Unlike Lante, d’Este’s villa is open to tourists, room after room with no furniture, no artifacts, just ceiling frescoes and nifty floor tiles. We couldn’t see much of the garden from the windows--tall trees now obscure the fountains. The three fish ponds were empty, ready for heavy-equipment dredging. (In Italy, it seems everything of interest is always under renovation, in whole or in part.) We left the villa through a gift shop, trotted down impressive stone stairs and finally were in the garden.

We wandered to the right, heading toward the sound of rushing water--the Ovato fountain, a beautiful egg-shaped cascade. Farther down are the water organ, which once moaned and groaned when water coursed through its pipes; the owl fountain (originally rigged with little mechanical birds that were frightened away by a big mechanical owl) and about a dozen smaller fountains. The amazing 100 fountains line a walkway--thin streams spewing from the mouths of creatures, all different, based on characters from Ovid’s “Metamorphosis.”

Advertisement

Thanks to designer Pirro Ligorio (a busy man) and hydraulic engineer Orazio Olivieri, water from the Anio river was pumped uphill to d’Este’s fountains, and the sound of water is everywhere: cascades, waterfalls, jets, trickles, sprays, geysers, water in channels and ponds, pouring down stairs, dripping in grottoes, burbling in rills, arching in drinking fountains.

Four hundred years ago, we would have been drenched. Vincenzo Vincenzi, the fountain maker responsible for much of the waterworks at Villa d’Este, was fond of giochi d’acqua, or water jokes. One of his more memorable gimmicks directed water up from the ground under women’s skirts--a startling cold shower. The cardinal then in residence considered this rude, so Vincenzi made the water jokes more polite, spraying guests in the face and back.

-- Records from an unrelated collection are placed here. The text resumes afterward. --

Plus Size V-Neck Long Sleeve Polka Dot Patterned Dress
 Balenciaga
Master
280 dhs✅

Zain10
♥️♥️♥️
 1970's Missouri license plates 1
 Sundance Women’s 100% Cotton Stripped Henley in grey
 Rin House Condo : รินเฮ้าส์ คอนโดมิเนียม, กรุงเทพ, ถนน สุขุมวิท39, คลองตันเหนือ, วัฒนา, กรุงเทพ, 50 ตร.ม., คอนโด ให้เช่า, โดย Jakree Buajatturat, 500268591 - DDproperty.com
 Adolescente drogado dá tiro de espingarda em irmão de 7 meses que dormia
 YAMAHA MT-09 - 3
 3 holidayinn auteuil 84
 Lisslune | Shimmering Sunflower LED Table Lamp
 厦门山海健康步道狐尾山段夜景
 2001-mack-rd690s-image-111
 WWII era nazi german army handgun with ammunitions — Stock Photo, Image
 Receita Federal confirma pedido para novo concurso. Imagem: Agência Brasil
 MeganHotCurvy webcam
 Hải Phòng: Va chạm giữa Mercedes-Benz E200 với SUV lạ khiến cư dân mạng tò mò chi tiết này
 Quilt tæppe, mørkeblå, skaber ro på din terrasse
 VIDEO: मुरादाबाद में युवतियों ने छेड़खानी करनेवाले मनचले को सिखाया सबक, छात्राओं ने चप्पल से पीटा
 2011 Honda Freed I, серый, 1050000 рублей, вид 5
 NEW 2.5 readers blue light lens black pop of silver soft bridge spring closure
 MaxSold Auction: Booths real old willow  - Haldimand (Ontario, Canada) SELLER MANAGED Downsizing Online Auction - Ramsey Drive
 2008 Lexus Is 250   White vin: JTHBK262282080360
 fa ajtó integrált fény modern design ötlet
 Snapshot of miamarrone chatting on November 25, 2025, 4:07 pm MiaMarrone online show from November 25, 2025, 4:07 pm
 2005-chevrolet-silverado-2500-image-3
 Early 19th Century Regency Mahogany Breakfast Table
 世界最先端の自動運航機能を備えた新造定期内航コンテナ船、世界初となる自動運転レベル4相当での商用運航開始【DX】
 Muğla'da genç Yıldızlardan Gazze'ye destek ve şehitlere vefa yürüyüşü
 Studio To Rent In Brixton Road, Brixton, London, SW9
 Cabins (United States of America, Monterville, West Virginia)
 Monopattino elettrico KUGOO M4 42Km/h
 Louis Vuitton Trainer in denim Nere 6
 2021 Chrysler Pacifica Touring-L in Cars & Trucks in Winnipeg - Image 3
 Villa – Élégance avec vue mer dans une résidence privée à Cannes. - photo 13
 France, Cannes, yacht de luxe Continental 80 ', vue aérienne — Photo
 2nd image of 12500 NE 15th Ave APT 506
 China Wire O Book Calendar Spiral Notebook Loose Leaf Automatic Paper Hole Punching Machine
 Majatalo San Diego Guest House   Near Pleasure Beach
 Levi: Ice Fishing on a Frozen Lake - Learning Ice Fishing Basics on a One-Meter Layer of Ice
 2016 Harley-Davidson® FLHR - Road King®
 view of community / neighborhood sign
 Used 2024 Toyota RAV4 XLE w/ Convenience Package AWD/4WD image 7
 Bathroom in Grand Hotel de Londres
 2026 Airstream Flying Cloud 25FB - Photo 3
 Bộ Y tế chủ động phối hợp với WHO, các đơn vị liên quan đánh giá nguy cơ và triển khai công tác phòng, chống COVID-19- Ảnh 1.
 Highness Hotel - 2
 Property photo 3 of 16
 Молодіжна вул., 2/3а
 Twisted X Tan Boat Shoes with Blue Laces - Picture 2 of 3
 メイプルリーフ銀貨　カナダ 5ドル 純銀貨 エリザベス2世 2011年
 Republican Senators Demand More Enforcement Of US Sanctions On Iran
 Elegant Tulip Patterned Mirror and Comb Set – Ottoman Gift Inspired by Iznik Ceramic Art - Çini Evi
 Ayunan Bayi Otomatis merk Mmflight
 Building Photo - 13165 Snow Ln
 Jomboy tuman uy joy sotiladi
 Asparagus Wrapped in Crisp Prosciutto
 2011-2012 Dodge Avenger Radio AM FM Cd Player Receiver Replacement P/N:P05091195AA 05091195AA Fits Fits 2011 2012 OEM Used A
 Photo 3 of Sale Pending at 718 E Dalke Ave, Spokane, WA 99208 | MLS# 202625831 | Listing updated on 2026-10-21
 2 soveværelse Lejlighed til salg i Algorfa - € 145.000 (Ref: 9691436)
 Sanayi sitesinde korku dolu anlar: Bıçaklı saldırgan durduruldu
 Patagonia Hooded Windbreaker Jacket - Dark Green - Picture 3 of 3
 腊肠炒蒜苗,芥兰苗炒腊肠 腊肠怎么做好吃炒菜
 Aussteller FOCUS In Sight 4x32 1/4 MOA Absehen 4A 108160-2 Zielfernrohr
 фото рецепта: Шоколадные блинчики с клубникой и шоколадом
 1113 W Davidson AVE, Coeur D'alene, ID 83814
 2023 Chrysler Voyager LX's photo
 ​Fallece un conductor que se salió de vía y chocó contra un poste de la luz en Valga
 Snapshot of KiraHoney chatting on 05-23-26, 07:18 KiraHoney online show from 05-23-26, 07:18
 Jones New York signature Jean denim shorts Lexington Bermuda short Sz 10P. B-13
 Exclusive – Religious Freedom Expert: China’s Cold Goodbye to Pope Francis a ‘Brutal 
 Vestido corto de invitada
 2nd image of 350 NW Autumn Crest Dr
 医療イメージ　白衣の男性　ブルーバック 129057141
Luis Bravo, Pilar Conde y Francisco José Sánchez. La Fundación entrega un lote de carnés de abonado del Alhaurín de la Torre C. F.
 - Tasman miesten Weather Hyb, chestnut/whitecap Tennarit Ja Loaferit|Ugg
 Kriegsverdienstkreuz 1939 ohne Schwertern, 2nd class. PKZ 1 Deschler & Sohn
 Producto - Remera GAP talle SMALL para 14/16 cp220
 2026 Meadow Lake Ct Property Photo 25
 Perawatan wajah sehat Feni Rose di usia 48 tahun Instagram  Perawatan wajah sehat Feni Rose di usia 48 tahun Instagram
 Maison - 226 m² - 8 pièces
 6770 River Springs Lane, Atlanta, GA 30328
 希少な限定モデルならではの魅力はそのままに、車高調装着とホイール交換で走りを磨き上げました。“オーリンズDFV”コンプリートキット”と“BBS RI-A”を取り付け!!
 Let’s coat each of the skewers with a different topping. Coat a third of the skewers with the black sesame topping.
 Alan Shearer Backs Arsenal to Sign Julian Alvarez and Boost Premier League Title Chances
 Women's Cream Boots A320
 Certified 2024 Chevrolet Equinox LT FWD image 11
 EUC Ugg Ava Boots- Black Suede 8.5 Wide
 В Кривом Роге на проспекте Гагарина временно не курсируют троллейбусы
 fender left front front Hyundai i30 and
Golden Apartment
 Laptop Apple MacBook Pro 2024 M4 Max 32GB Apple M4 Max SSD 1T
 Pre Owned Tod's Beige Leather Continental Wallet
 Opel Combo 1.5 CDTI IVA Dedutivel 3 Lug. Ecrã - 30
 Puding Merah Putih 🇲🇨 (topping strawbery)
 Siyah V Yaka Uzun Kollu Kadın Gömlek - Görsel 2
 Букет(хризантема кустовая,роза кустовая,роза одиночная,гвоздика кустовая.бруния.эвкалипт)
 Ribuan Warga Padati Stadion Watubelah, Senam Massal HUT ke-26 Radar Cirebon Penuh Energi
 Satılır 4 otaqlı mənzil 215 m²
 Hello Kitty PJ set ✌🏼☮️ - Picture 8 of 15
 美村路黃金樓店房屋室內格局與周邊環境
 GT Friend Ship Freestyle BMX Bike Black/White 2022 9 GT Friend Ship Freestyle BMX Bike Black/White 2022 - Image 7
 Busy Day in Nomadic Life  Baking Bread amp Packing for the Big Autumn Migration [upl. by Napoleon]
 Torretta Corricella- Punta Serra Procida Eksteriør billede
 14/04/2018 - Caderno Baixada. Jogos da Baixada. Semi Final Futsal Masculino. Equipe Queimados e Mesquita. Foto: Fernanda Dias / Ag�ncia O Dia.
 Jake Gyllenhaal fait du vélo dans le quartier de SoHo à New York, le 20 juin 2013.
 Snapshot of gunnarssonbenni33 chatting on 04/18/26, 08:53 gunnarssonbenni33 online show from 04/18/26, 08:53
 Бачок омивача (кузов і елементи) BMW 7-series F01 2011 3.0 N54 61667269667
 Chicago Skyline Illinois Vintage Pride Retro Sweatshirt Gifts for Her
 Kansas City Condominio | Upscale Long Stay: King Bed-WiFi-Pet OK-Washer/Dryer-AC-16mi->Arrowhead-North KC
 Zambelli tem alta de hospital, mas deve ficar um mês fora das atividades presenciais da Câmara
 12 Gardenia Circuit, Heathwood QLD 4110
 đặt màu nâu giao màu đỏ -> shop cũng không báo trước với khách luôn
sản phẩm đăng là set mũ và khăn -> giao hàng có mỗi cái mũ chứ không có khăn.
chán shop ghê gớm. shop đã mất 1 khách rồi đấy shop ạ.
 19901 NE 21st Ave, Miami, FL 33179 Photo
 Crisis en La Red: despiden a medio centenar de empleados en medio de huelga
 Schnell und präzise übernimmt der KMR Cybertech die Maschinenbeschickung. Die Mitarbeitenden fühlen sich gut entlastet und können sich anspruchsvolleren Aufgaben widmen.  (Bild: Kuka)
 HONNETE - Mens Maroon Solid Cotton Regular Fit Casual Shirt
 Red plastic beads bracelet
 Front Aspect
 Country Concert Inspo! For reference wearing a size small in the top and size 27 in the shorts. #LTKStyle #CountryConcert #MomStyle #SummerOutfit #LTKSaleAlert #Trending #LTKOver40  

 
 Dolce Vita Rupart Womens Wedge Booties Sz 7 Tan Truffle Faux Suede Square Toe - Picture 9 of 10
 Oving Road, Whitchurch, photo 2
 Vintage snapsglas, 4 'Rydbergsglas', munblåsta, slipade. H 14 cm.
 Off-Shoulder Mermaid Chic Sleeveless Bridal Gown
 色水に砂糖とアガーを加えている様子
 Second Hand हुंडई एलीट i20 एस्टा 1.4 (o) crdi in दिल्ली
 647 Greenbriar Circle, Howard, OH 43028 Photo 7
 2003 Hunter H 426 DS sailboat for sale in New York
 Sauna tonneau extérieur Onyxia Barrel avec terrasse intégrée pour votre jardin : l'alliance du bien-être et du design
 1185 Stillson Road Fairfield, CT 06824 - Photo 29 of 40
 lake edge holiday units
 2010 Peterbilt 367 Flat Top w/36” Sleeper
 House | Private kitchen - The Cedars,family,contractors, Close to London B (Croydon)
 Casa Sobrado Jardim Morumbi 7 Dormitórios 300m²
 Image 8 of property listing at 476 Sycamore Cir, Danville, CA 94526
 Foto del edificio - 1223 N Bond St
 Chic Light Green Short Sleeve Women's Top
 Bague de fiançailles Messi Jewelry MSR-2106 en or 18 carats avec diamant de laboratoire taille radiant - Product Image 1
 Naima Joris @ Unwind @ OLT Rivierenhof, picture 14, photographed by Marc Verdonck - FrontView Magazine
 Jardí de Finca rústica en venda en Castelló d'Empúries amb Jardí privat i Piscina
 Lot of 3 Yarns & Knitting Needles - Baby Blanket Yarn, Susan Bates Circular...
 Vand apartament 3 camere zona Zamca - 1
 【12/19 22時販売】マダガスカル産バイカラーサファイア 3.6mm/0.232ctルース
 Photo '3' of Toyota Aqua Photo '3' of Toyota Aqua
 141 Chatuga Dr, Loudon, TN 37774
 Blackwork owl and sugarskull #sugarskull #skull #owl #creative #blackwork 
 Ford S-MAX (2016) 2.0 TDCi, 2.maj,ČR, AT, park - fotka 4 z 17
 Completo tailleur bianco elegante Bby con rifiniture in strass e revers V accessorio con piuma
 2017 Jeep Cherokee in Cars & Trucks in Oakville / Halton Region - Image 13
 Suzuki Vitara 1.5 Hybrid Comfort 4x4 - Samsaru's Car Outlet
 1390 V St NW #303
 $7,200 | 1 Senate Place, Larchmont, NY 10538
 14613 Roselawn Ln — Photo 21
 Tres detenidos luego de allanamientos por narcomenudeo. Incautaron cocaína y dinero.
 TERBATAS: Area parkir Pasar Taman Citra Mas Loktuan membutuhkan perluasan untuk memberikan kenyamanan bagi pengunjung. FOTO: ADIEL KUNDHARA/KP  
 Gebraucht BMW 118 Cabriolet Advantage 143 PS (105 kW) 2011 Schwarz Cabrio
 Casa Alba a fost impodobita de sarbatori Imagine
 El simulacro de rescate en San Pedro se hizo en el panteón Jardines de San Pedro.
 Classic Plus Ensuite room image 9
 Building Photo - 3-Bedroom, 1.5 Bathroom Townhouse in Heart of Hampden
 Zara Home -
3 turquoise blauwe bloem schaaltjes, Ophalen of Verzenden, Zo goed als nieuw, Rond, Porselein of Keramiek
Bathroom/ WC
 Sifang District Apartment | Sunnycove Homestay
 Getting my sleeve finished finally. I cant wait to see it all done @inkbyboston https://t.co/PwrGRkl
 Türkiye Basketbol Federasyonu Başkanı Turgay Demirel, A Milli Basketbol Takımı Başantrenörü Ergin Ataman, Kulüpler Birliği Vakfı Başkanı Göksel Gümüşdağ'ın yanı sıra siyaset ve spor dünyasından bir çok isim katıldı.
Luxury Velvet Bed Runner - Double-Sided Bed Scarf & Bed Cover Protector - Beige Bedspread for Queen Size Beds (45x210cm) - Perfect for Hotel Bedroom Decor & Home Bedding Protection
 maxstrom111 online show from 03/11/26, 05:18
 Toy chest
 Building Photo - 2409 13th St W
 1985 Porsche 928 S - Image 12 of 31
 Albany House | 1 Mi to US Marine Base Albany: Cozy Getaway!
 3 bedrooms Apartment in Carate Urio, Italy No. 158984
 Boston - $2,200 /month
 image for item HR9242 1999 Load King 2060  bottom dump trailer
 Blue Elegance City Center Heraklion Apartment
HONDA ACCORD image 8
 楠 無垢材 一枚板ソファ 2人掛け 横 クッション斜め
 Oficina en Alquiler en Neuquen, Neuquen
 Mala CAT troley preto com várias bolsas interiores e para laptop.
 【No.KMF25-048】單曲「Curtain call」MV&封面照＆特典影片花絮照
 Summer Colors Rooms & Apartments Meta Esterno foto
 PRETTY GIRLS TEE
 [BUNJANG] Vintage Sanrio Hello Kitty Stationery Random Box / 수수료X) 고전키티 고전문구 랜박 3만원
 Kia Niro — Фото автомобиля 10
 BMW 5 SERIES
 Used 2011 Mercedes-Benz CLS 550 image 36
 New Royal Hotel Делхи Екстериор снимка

Villa d’Este, for all its glorious Renaissance water system, has not aged well. The few statues that remain (most have been removed to Roman museums for preservation) have lost noses and other parts to erosion, decay and relentless moisture. A miniature stone city, said to be a replica of Rome, has virtually disappeared. Perhaps because of all this--but probably just to observe the afternoon siesta--the water is turned off from 1 to 2 p.m. every day. That’s no joke.